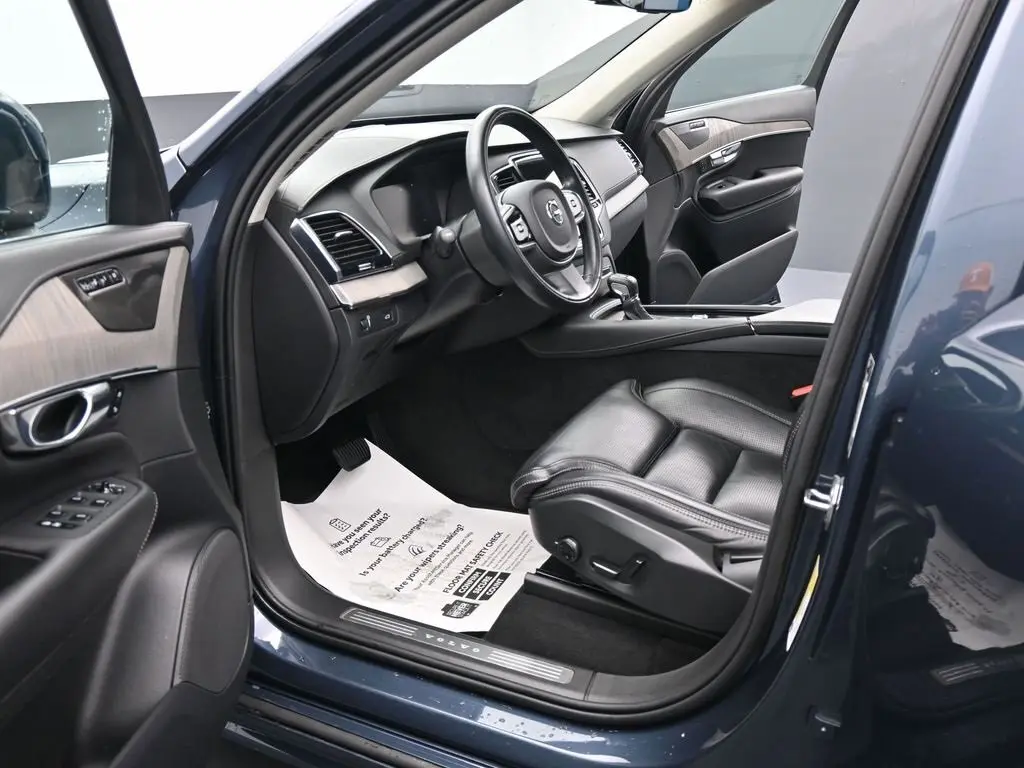 2021 Volvo XC90 T6 AWD Inscription photo 19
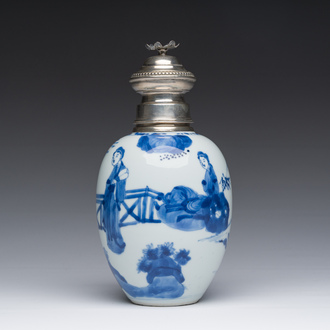 Boîte à thé en porcelaine de Chine bleu et blanc à monture en argent hollandais, Kangxi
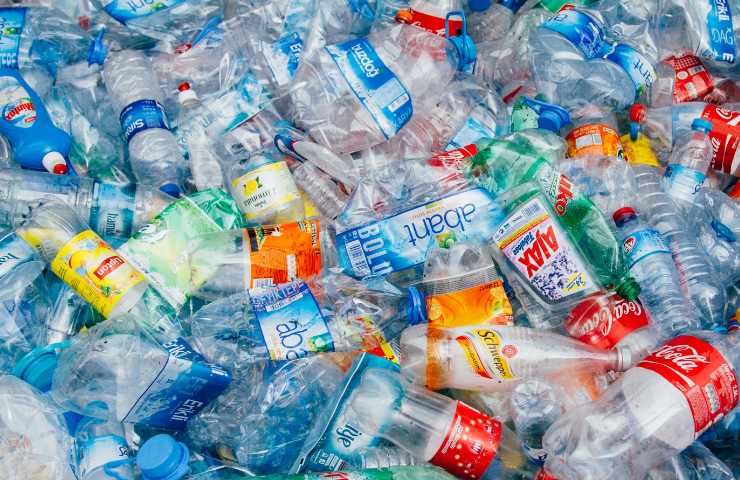 meglio vetro o plastica per le bevande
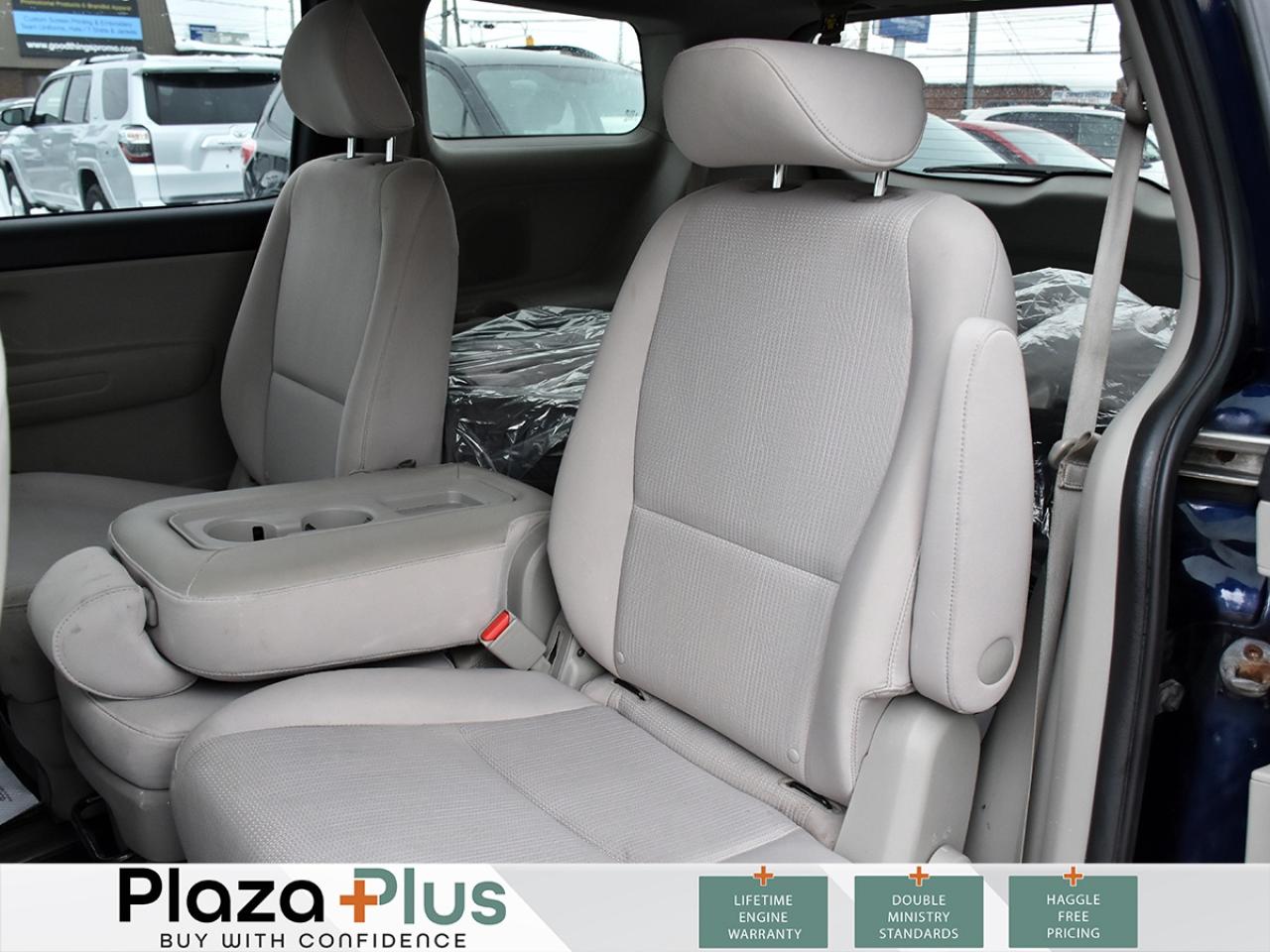 2019 Kia Sedona LX    8 SEATS   HEATED STEERING & FRONT SEATS   TW Photo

------------------------------------------------------------------------

Retype verbatim only the lines beginning with the line that contains "meglio vetro o plastica per le bevande" and ending with the last line of the listing above; pictures are to be excluded.

 meglio vetro o plastica per le bevande
 2019 Kia Sedona LX    8 SEATS   HEATED STEERING & FRONT SEATS   TW Photo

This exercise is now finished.